Goal of the exercise — Each line from the one containing "Disney Mickey New" through the end of the data must be retyped exactly, and no other line.

Entries taken from a collection
===
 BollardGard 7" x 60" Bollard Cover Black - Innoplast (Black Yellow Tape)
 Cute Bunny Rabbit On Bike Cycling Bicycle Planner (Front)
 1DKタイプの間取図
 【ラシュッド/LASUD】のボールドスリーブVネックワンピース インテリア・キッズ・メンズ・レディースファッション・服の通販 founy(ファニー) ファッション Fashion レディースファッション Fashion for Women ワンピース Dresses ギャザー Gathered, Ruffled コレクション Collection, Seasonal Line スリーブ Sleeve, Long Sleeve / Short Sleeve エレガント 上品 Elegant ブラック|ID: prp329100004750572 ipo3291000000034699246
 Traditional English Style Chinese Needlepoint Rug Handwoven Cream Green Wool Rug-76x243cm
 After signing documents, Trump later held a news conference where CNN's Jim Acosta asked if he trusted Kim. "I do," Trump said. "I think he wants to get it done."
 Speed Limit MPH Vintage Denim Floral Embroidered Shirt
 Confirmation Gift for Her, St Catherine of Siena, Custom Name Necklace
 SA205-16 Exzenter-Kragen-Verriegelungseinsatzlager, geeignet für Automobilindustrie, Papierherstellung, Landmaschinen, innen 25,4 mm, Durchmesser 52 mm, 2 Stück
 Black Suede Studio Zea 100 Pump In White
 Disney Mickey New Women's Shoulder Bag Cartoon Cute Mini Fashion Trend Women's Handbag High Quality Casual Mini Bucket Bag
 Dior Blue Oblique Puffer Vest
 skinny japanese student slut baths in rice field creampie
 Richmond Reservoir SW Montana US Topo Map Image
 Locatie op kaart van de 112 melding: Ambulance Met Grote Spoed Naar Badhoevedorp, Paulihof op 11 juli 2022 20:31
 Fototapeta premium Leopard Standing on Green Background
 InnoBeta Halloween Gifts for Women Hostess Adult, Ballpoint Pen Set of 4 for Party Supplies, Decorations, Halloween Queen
===
Solved problem —
 Disney Mickey New Women's Shoulder Bag Cartoon Cute Mini Fashion Trend Women's Handbag High Quality Casual Mini Bucket Bag
 Dior Blue Oblique Puffer Vest
 skinny japanese student slut baths in rice field creampie
 Richmond Reservoir SW Montana US Topo Map Image
 Locatie op kaart van de 112 melding: Ambulance Met Grote Spoed Naar Badhoevedorp, Paulihof op 11 juli 2022 20:31
 Fototapeta premium Leopard Standing on Green Background
 InnoBeta Halloween Gifts for Women Hostess Adult, Ballpoint Pen Set of 4 for Party Supplies, Decorations, Halloween Queen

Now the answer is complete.